- Born: 21 April 1935 Yenda, New South Wales, Australia
- Died: 23 August 2026 (aged 91)
- Education: D.S.C.M., Sydney Conservatorium of Music, 1956
- Occupations: Emeritus Professor of Music (Violin, Historical Performance)

= Stanley Ritchie =

Australian musician (1935–2026)

Stanley John Ritchie (21 April 1935 – 23 August 2026) was an Australian violinist and academic who was a distinguished professor emeritus of violin at Jacobs School of Music, Indiana University. A noted specialist in historical performance, Ritchie was author of three relevant books, Before the Chinrest—A Violinist’s Guide to the Mysteries of Pre-Chinrest Technique and Style (2012), The Accompaniment in "Unaccompanied" Bach—Interpreting the Sonatas and Partitas for Solo Violin (2016), and Speaking Bach: Understanding the Language of the Sonatas and Partitas for Solo Violin (2026), all published by Indiana University Press.

== Biography ==
Ritchie's interest in historical performance dated from 1960 while taking a course in performance practice at Yale University, and in baroque violin from 1970 when he and harpsichordist Albert Fuller began performing together in New York. In 1974 he joined harpsichordist Elisabeth Wright in forming Duo Geminiani, giving concerts in North and South America, Europe and Australia, occasionally joined by cellist Anner Bylsma. They were subsequently appointed in 1982 to the faculty of the newly inaugurated Early Music Institute of the Indiana University Jacobs School of Music. .

Graduating from the New South Wales State Conservatorium of Music in 1956, having played in the Sydney Symphony Orchestra from 1954, he was appointed concertmaster of the first Australian Youth Orchestra in 1957, the year in which he also won the Australian Broadcasting Commission's Concerto Competition. In 1958 he was recipient of a French government scholarship, enabling him to study in Paris with Jean Fournier. In the following year he received a scholarship to Yale School of Music, where he was a pupil of Joseph Fuchs. His professional career in the United States began in 1962, when he moved to New York, where he remained until 1973, playing as concertmaster of the New York City Opera Orchestra, associate concertmaster of the Metropolitan Opera Orchestra, and concertmaster of the Musica Aeterna Orchestra. In 1975 he was appointed first violinist of the Philadelphia String Quartet, artists-in-residence at the University of Washington in Seattle.

As a baroque and classical violinist, Ritchie performed many times as concertmaster or soloist with Christopher Hogwood. He played classical violin for twenty years as a member of the Mozartean Players with fortepianist Steven Lubin and baroque cellist Myron Lutzke, as well as performing with fortepianist Malcolm Bilson and cellist Anner Bylsma. He appeared as soloist or conductor with a number of major Early Music orchestras, among them the Academy of Ancient Music, Tafelmusik, Philharmonia Baroque Orchestra, and the Handel and Haydn Society Orchestra.
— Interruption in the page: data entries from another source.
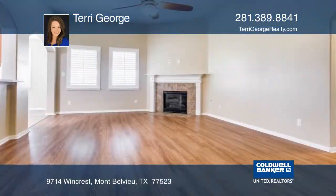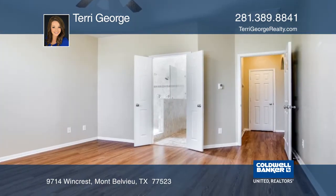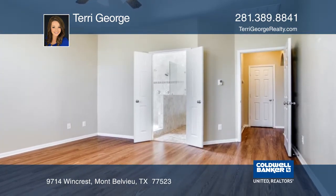This lovely 3-bedroom, 2-bathroom home features an open-area kitchen and living space, high ceilings, plantation shutters and granite countertops.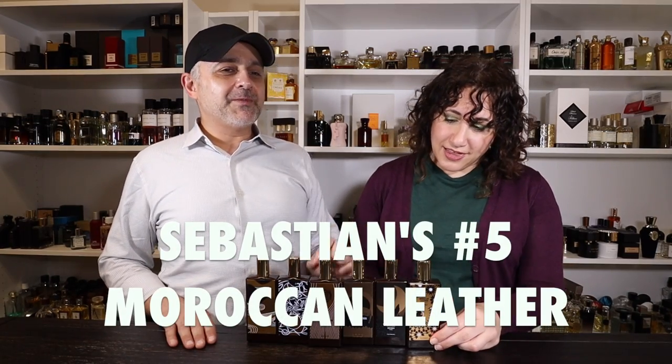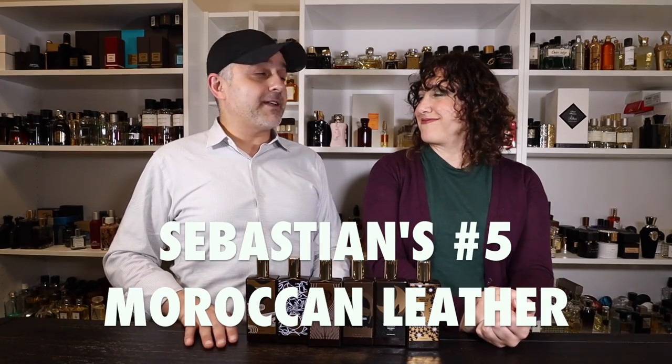Dahlia's number five is Moroccan Leather, launched in 2018. She's obsessed with galbanum — a resin from a plant that's very prominent in Chanel No. 19 — and it's a major player here too. The notes are galbanum, iris, leather, cypress, vetiver, ginger, mandarin orange, tonka bean, orange blossom, amber, and styrax. It's a very green leather, and the standout notes for Dahlia are the galbanum with iris, cypress, and leather.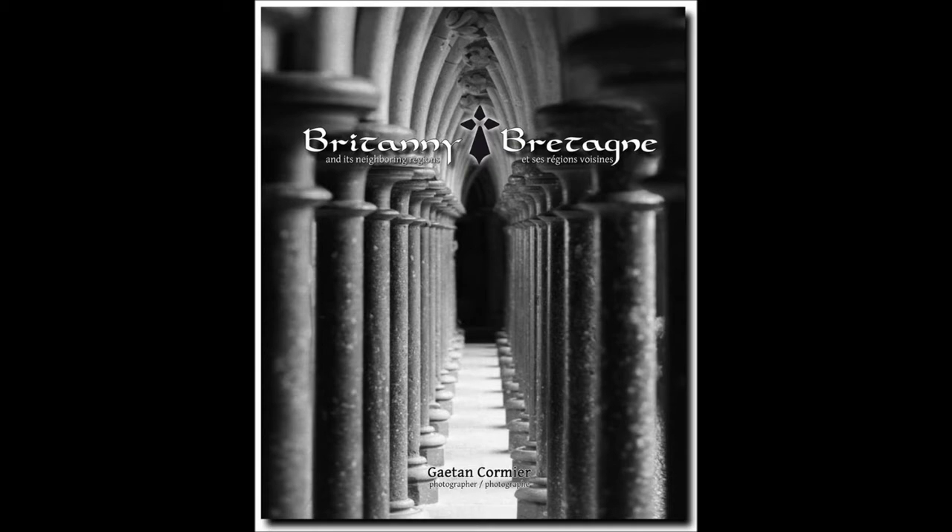In maybe a couple of weeks I'll have a little zine available. I'm preparing a zine about my trip to Brittany — it's about 40 to 48 pages. It's gonna be available for sale, and it'll be dirt cheap because it's a zine, not a high-quality photography book. It's something I made up myself and it's gonna be available for around $15 or so.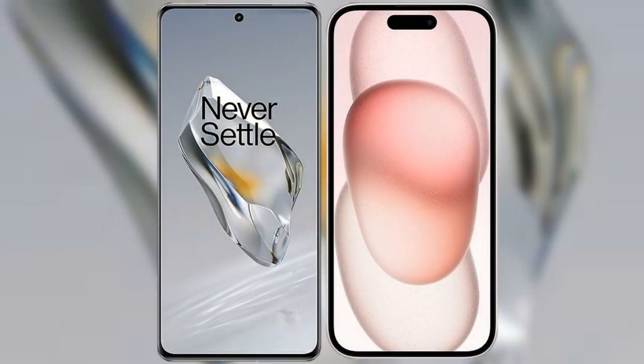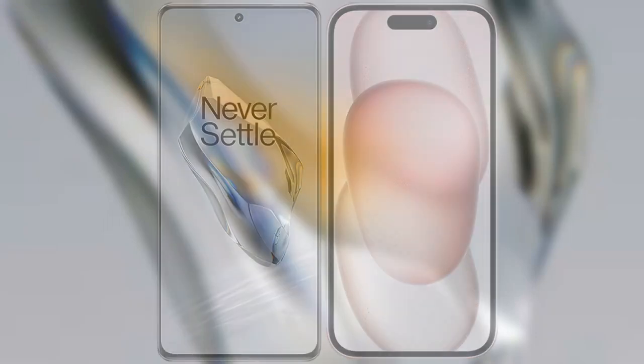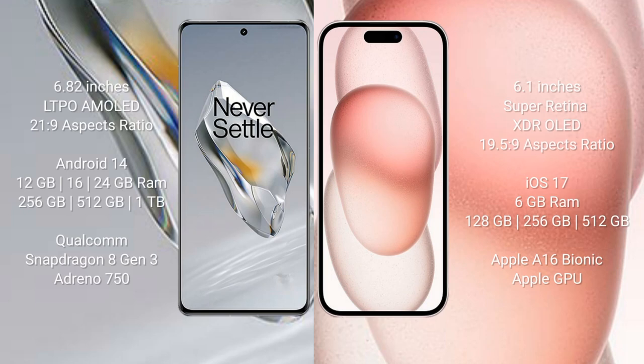I will compare the new OnePlus 12 with the iPhone 15. The OnePlus 12 comes with a 6.82-inch LTPO AMOLED display and an aspect ratio of 20:9. The iPhone 15 comes with a 6.1-inch Super Retina XDR OLED display and an aspect ratio of 19.5:9.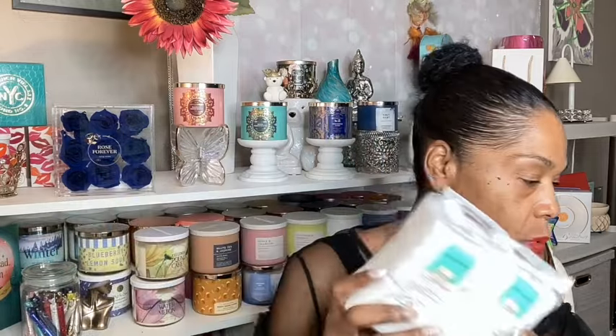I picked up two of these cotton swabs. I always pick these up — I really enjoy them. They are great for makeup removal; I've even used them to remove lipstick off my lips. They're really nice, and of course these were 30% off, so why not? I picked up two.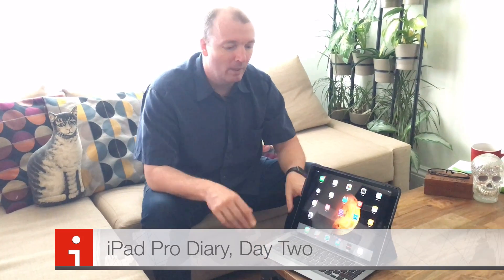Hi, I'm Leander Caney, Editor and Publisher of Cultimac.com and this is day two of my iPad Pro Diary where I'm using the new iPad Pro as my one and only computer. This is an experiment to see whether I can actually do this — whether this thing really is a laptop replacement as Apple is claiming.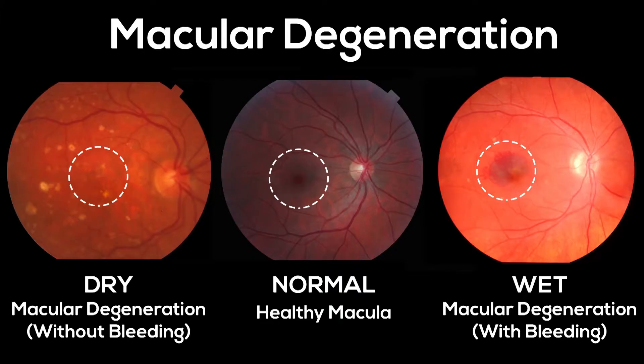For wet macular degeneration, there are exciting drugs and implants that block a molecule called VEGF, or vascular endothelial growth factor. That's the molecule that leads to complications in the retina. Currently,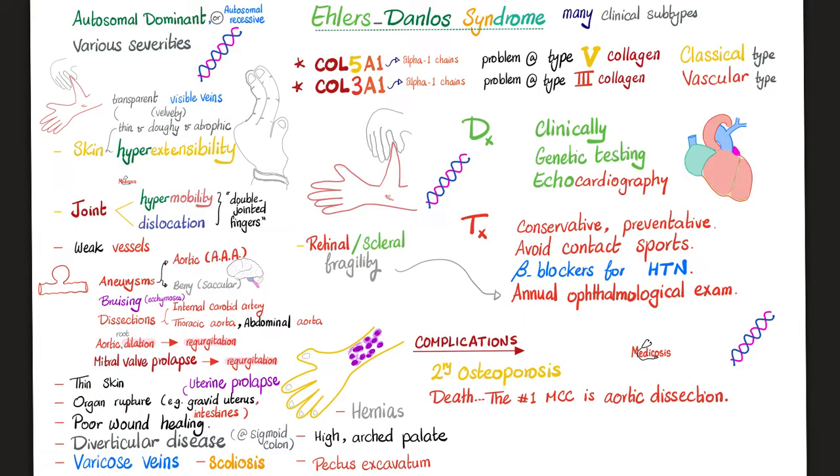Thin skin and organ rupture are also features — the gravid uterus can rupture, intestines can rupture, and the uterus can have prolapse. It's a connective tissue disorder, and one function of normal connective tissue is to keep organs in place. There is also poor wound healing, diverticular disease especially in the sigmoid colon, varicose veins, visible veins under the skin, scoliosis, pectus excavatum, hernias including inguinal hernias, and high arched palate.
Ritchie served on the jury of the Leipzig International Bach Competition, and has given masterclasses in Germany, Italy, New Zealand and Australia. He served for ten years as artistic director of the Bloomington Early Music Festival. His ex-students are prominent members of the Early Music profession, some of them occupying important teaching positions in the United States. In June 2009 he received Early Music America's highest award, the Howard Mayer Brown Award for Lifetime Achievement in Early Music, and in 2016 was promoted to Distinguished Professor at Indiana University.

His recordings include Vivaldi's Op.11 Violin Concertos with Hogwood and the Academy of Ancient Music (Oiseau Lyre), the Mozart piano quartets and the complete piano trios of Mozart and Schubert as a member of The Mozartean Players, and a CD of 17th Century music for three violins and continuo entitled 'Three Parts upon a Ground', with John Holloway, Andrew Manze, Nigel North and John Toll, all for Harmonia Mundi USA; selected Concerti and Serenate of Francesco Antonio Bonporti, with Bloomington Baroque (Dorian Discovery); and the Bach Sonatas for violin and obbligato harpsichord with Elisabeth Wright (Focus Records). As a member of Joshua Rifkin's Bach Ensemble, he recorded Violin Concertos at the Court of Weimar. His recording of Bach's Solo Sonatas and Partitas (Musica Omnia) was released in January 2014.

Ritchie died on 23 August 2026, at the age of 91.